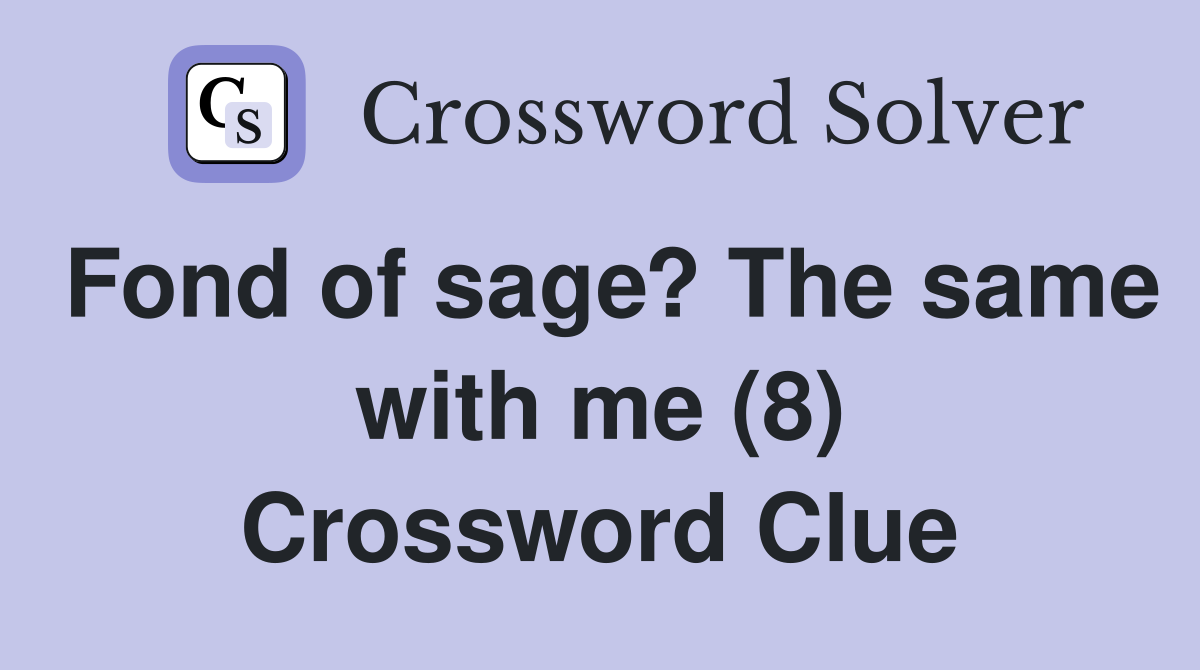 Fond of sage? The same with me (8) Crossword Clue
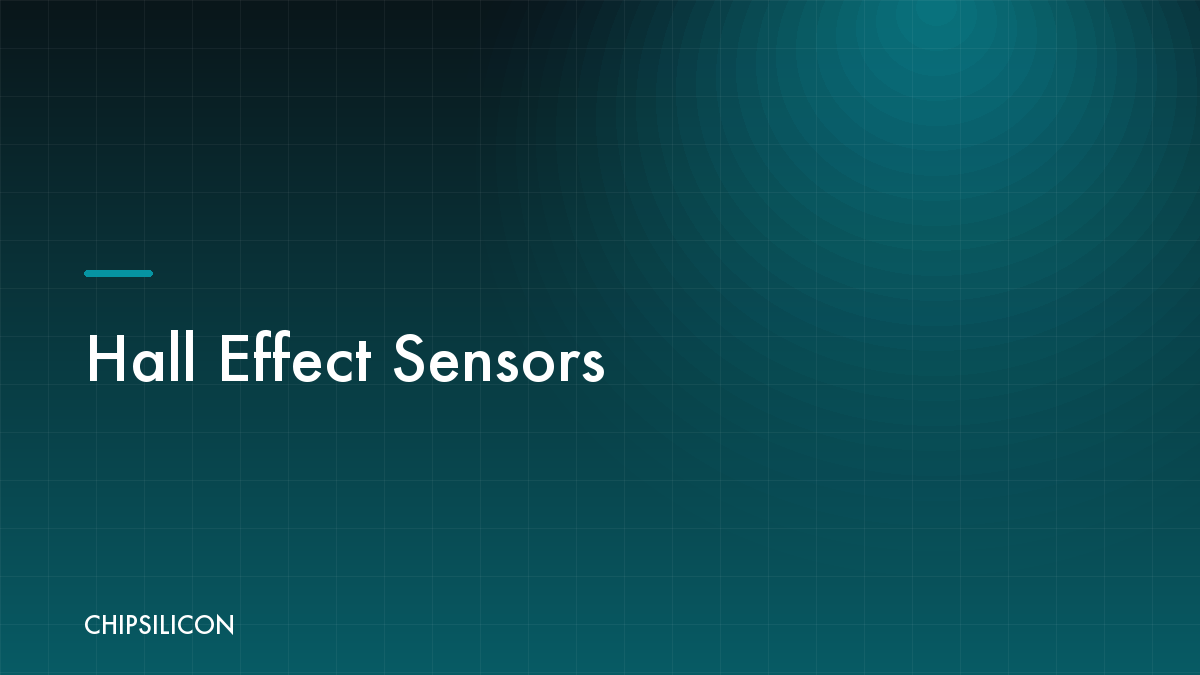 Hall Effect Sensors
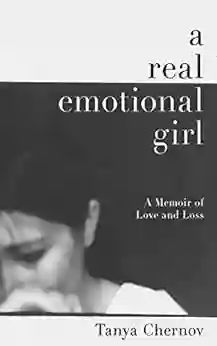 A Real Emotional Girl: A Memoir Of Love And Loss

### AIM OF THE TASK:
Working from the line that contains "Hall Effect Sensors" to the last line of the listing, please quote each line exactly, pictures excluded.

### EXERCISE RESULT:
 Hall Effect Sensors
 A Real Emotional Girl: A Memoir Of Love And Loss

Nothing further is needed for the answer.